Achtjähriger vermisst - Polizei bringt Schüler zurück

Von Volker Zeiger
Spenge (SN). In der Straßenbahn kreuz und quer durch Bielefeld - das hat sich am Dienstag ein Achtjähriger aus Spenge gegönnt. Was ihm nicht bewusst war: Er sorgte gleichzeitig für eine große Suchaktion, in die außer der Polizei aus dem Kreis Herford auch Bielefelder Ordnungskräfte eingebunden waren. Ein Fahrer der Straßenbahnlinie 4 sichtete den Jungen am späten Nachmittag am Bahnsteig der Haltestelle Jahnplatz, ließ ihn einsteigen und informierte die Leitstelle.

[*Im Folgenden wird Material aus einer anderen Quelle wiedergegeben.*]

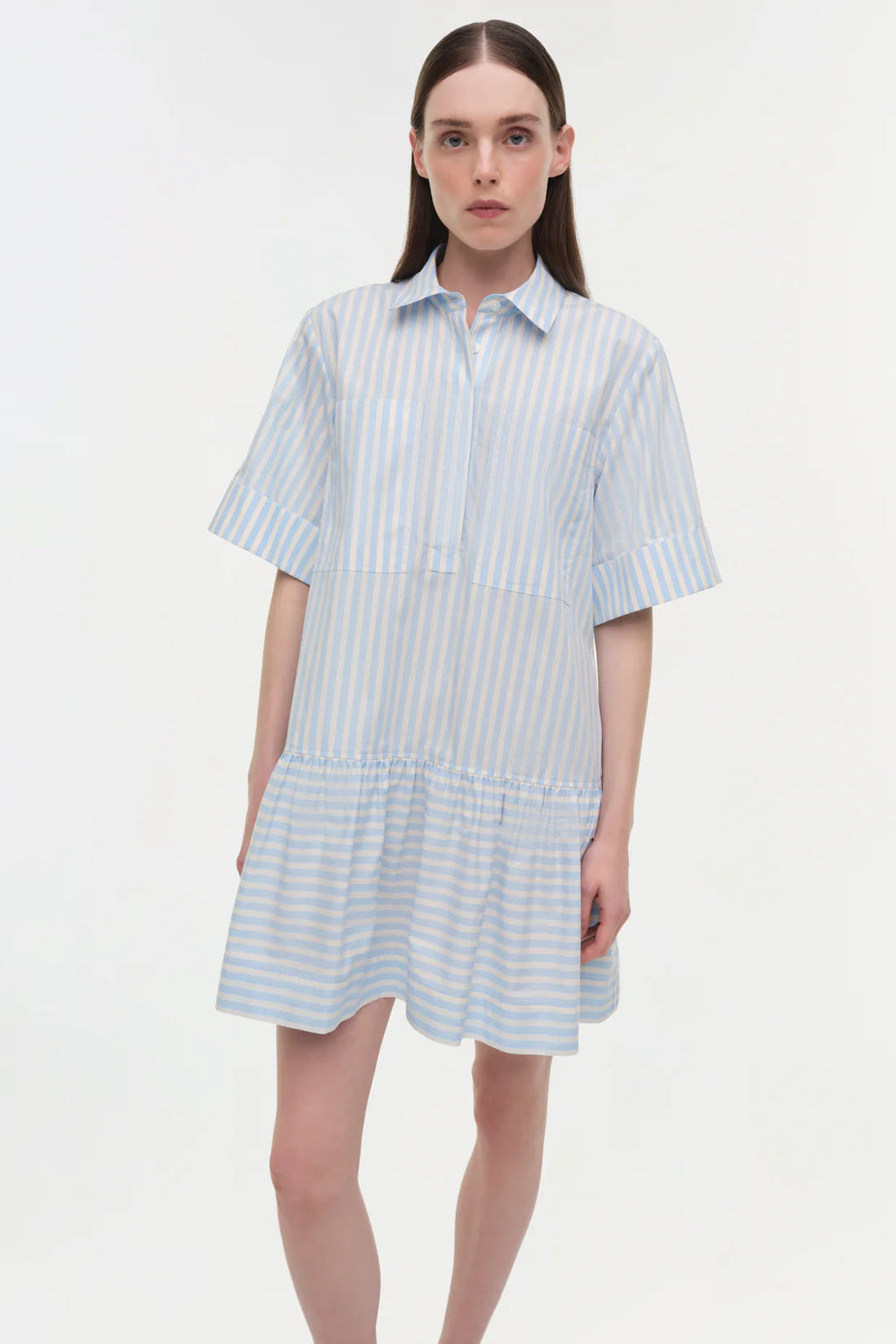Simkhai Cris Cotton Shirt Dress Simkhai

Polizisten brachten den Jungen dann nach Hause zu seiner besorgten Mutter.

Laut Polizei war der Grundschüler gegen 12.15 Uhr pünktlich von der Schule zurückgekommen und wollte sich eigentlich nur noch die Zeit bis zum Mittagessen mit Spielen auf der Straße vertreiben, berichtete Polizeisprecher Wolfgang Haase.

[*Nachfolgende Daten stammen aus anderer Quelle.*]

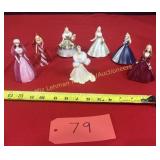 7 Hallmark Barbie Ornaments
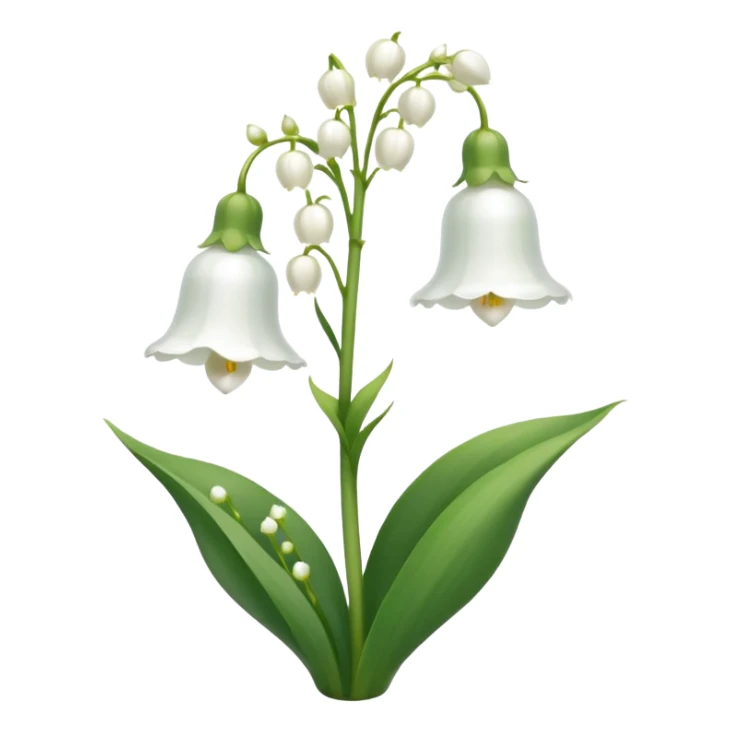 lily of the valley sticker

Von da an fehlte von dem Jungen jede Spur. Nachdem die Mutter alle ihre Möglichkeiten ausgeschöpft hatte, alarmierte sie die Polizei. Die Ermittlungen des Spenger Bezirksdienstes ergaben, dass der Schüler ein großer Fan von Bus und Bahn ist. Der Zeitpunkt seines Verschwindens wurde mit den Fahrplänen des Öffentlichen Personennahverkehrs abgeglichen. Daraus ergab sich, dass zur Mittagszeit ein Bus nach Bielefeld - Linie 56 - gefahren war. Die BVO sowie die Minden-Herforder-Verkehrsbetriebe (VMR), die Spenge bedienen, wurden in die polizeiliche Fahndung miteinbezogen. Per Funk verständigten die Verkehrsbetriebe die jeweiligen Fahrer und gaben eine Beschreibung des Jungen durch. Das auffälligste Kleidungsstück des 1,40 Meter großen Schülers, der eine olivgrüne Jacke trug, war indes laut Wolfgang Haase ein gelb-roter Harry-Potter-Schal.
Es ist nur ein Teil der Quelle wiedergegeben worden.